In United States v. Demko, 385 U.S. 149 (1966), the Supreme Court held that the IAC is the exclusive remedy for prisoners who are injured while working. Id. at 152. Under IAC, inmates injured while performing their assigned duties may recover lost-time wages, as well as compensation for work-related physical impairment or death. See generally 28 C.F.R. § 301.101(a) and (b); § 301.203(a) and (b); § 301.204(a).
In the instant case, Defendant maintains that the sole remedy available to Mays is the IAC and, as such, this court lacks subject matter jurisdiction and his FTCA complaint should be dismissed. In support thereof, Defendant cites not only to Mays' allegations as to when and where the slip and fall occurred, but also submits the declaration and supporting documents of Larry Brown, Vocational Training Instructor at FCI-Schuylkill.
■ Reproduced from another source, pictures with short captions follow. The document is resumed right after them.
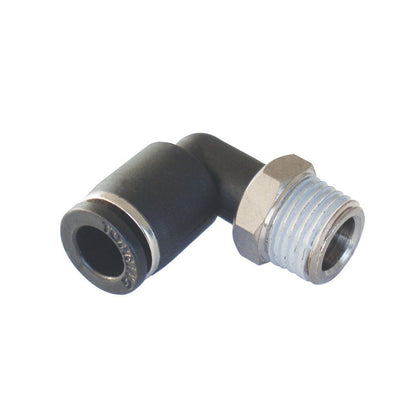 Adaptateur coudé 1/4 po. à 1/8 (M) NPT à raccordement rapide, modèle Maxfit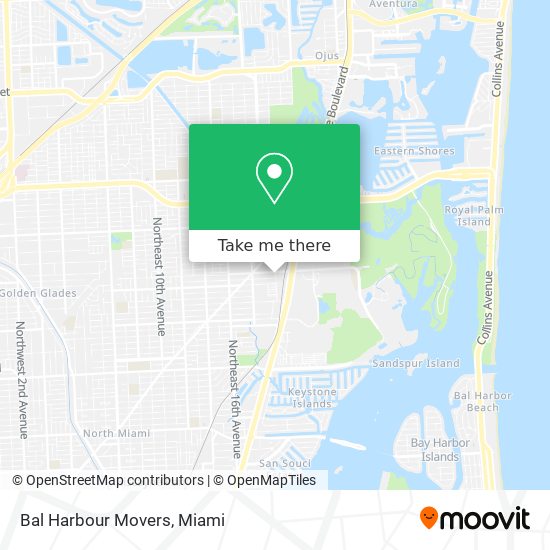 Mapa de Bal Harbour Movers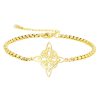 Cutting Titanium Steel Bracelet Double Hole Stainless Steel Bracelet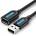 Vention USB-A 2.0/M - USB-A 2.0/F (удължител, PVC черен), 0, 5 м, кабел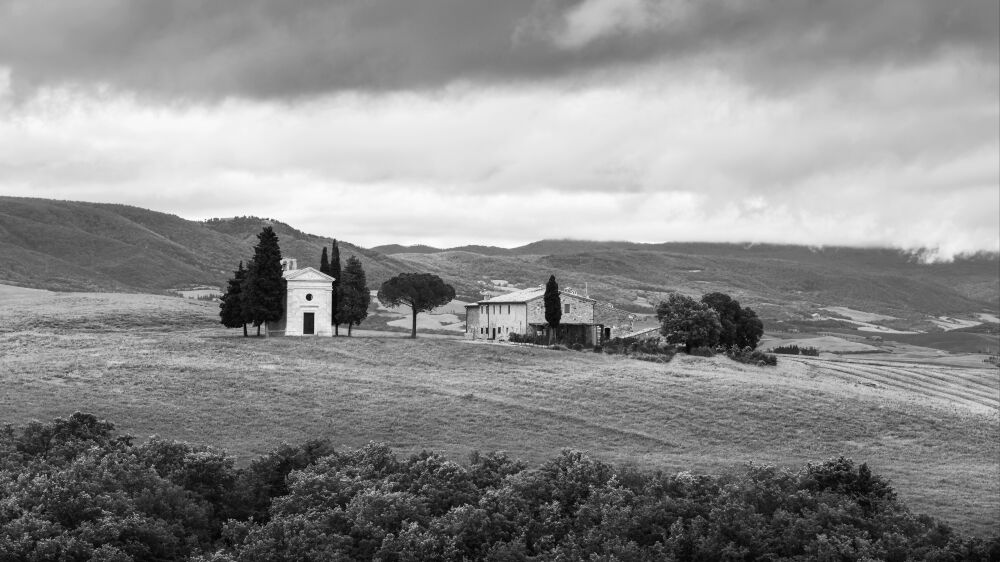 Cappella Madonna San Quirico Val d'Orcia Italië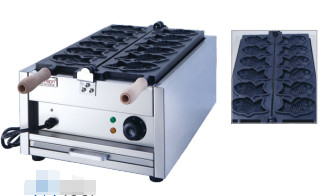 Ein elektrischer Fischwaffelfabrikant mit einstellbarer Temperaturregelung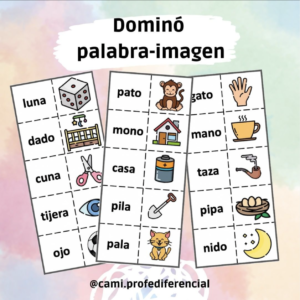 Dominó palabra imagen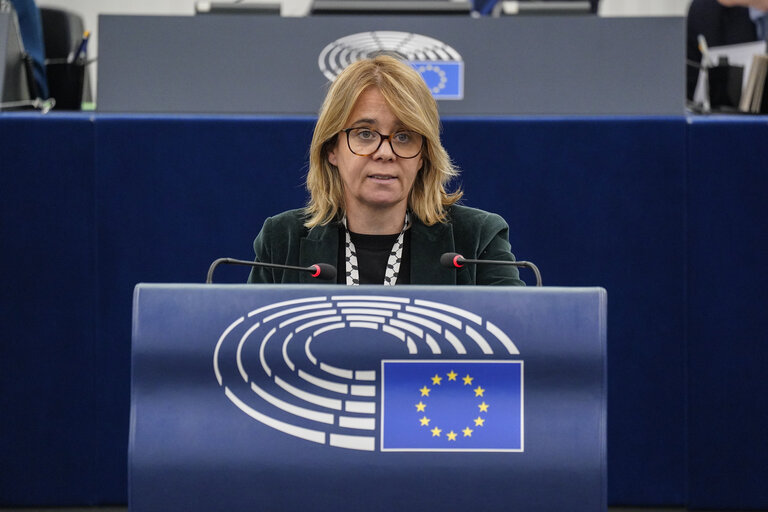 Fotografija 12: EP Plenary session - Ceasefire in Gaza - the urgent need to release the hostages, to end the humanitarian crisis in Gaza and to pave the way for a two-state solution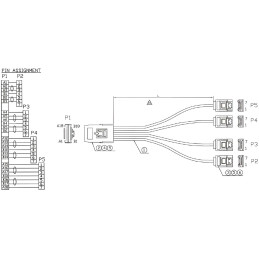 InLine Cavo Mini SAS, SFF-8087 a 4x SATA, 1m, configurazione 1 1, OCR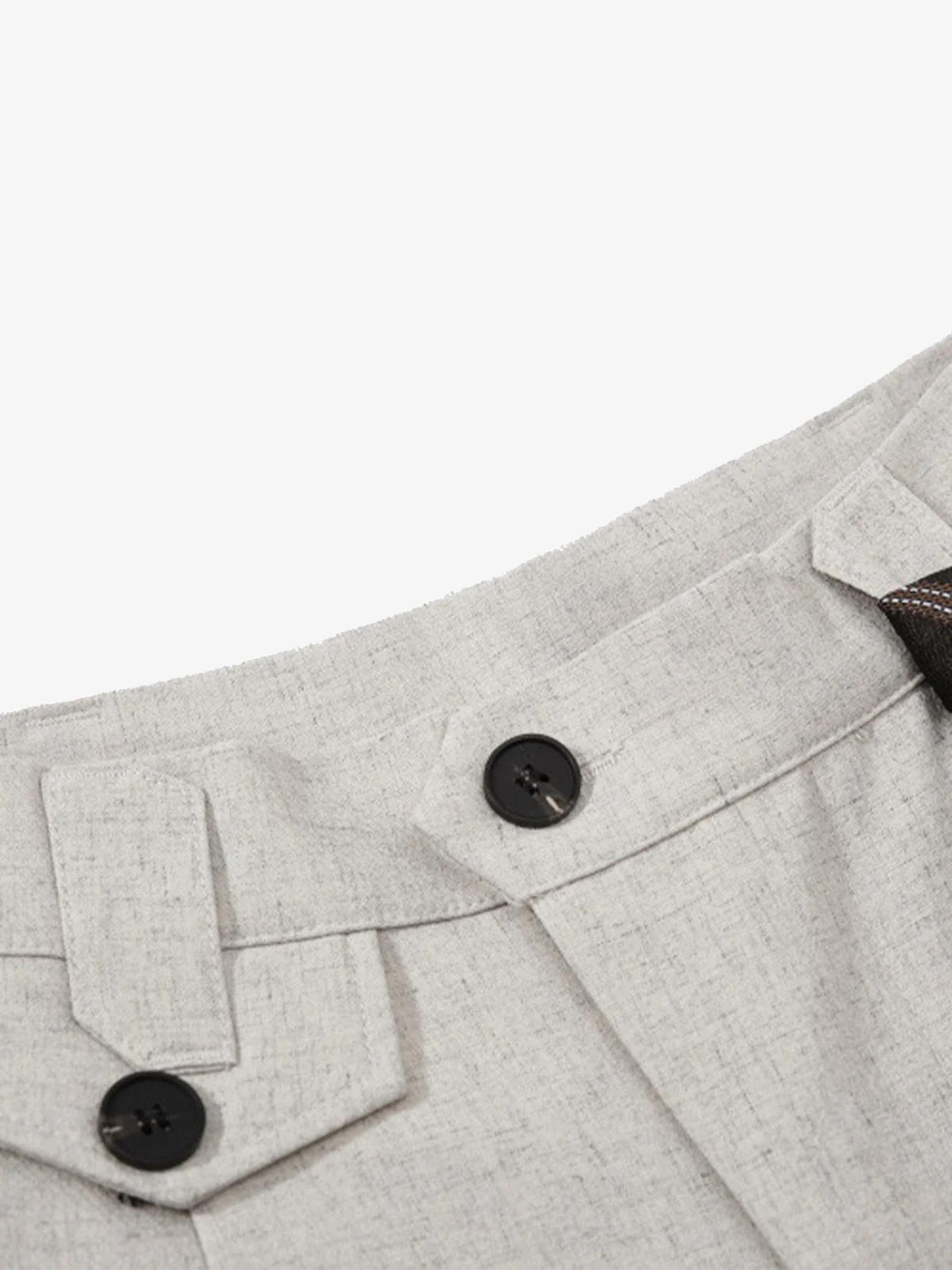 Tie Detail Relaxed Fit Draped Suit Pants - Image 4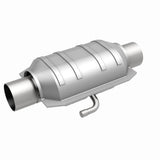 MagnaFlow universal catalytic converter 2.5 inch inlet/outlet stainless steel CARB compliant OBDII 94116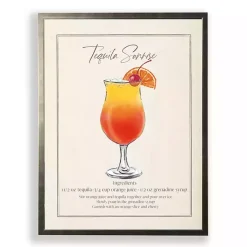 Kirklands Home Tequila Sunrise Framed Art Print Orange Discount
Brown's declaration establishes that on the date and at the time in question, Mays was participating in the live work portion of the Culinary Arts Certification Program for which he was being compensated inmate wages. (Doc. 23, Ex. A., Brown Decl.) Based on the foregoing, Defendant states that Mays fails to allege any claim for damages that does not stem from his work-related injuries and that the IAC is his exclusive remedy. See Brown v. General Serv. Admin., 425 U.S. 820, 834 (1976); Wooten v. United States, 825 F.2d 1039, 1044 (6th Cir. 1987).
In response to Defendant's motion, Mays argues that the accident was not work- related, but rather at the time he was enrolled in a vocational, technical program. As such, he appears to argue that he was participating in an educational, as opposed to a work, program. The court is not persuaded by this argument based upon the fact that Mays was being compensated inmate wages. Moreover, Mays does not submit any evidentiary support to contradict Defendant's supported statements that he was participating in the Culinary Program at the time of the fall and was being paid wages. Further, while Mays argues that he was "in recess for short line lunch" at the time of the slip and fall, courts have found that injuries which occurred inside the work station or area while an inmate was going to or from work or to or from a meal break during work, are exclusively covered by the IAC. See, e.g., Bavnes v. United States, 302 F. App'x 334, 335-36 (6th Cir. 2008); Wooten, 437 F.2d at 80; Payton v. United States, Civ. No. 5:09-CT-3050-BO, 2011 WL 3240487, slip op at *3 (E.D.N.C. July 28, 2011). For these reasons, Defendant's motion to dismiss will be granted. An appropriate order follows.
For these reasons, the court will not address Defendant's alternative request for summary judgment with respect to the merits of Mays' claims.